Briefing Paper for the UK Food Group, September 2005

by Anne Tallontire and Bill Vorley

Summary

Fairness and equity in trading relations between supermarkets and their supply chains is a hot topic, both in the development debate (smallholder access to markets) and the domestic farming debate (crisis in family farming). 

But the topic is largely absent from current approaches to Corporate Social Responsibility (CSR).  ‘Fair trade', with its origins in the trade justice movement, is largely treated in the marketplace as a high-end niche, in the form of an extra cost to consumers for Fairtrade labelled produce.  And ‘ethical trade', with more recent roots in CSR, is treated as a cost to suppliers in the form of imposed standards and codes.  'Ethical' codes make little mention of producer price despite huge imbalances of market power between producers and retailers.  In fact, the current trading environment is characterised by both a proliferation of standards for ethics and sustainability and the abuse of market power by powerful buyers, leading to a classic cost-price squeeze for producers. 
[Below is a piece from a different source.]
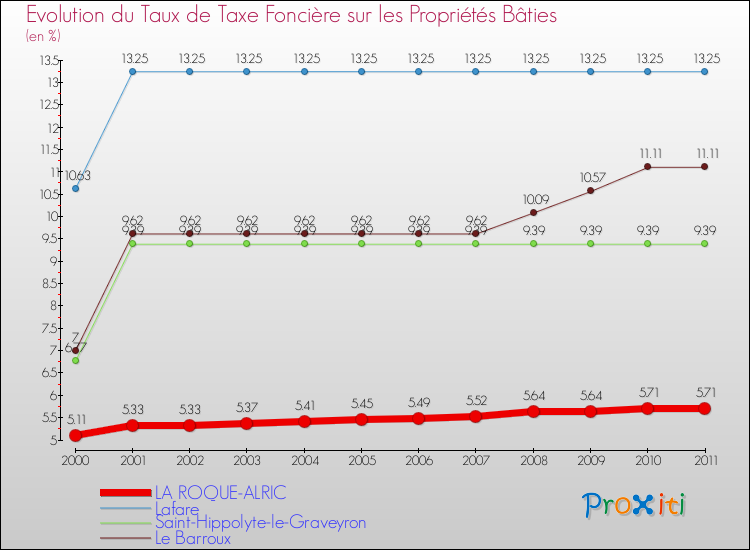 Evolution du taux de la taxe foncière sur le bati pour LA ROQUE-ALRIC et les communes proches Comparaison des taux de taxe foncière sur le bati pour LA ROQUE-ALRIC et les communes voisines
The marketplace is about to get quite confusing, with a proliferation of ‘sustainable', ‘ethical' and ‘responsible' claims with varying degrees of rigour. 

In order to bring fairness and justice into mainstream trading relationships,  innovative retailers can start to bridge this arbitrary and artificial gap between ‘fair' and ‘ethical' trade.  We propose the development of a set of guidelines for retailers that wish to incorporate fairness and justice into their trading relations, learning from the Fairtrade experience, to expand rather than constrain opportunities for small and family scale producers.  By this corporate standard (rather than a brand or mark), customers could be assured that their purchases across the board have not contributed to the exploitation of producers and misuse of market power.  The potential opportunities and risks associated with introducing such guidelines are highlighted in this paper.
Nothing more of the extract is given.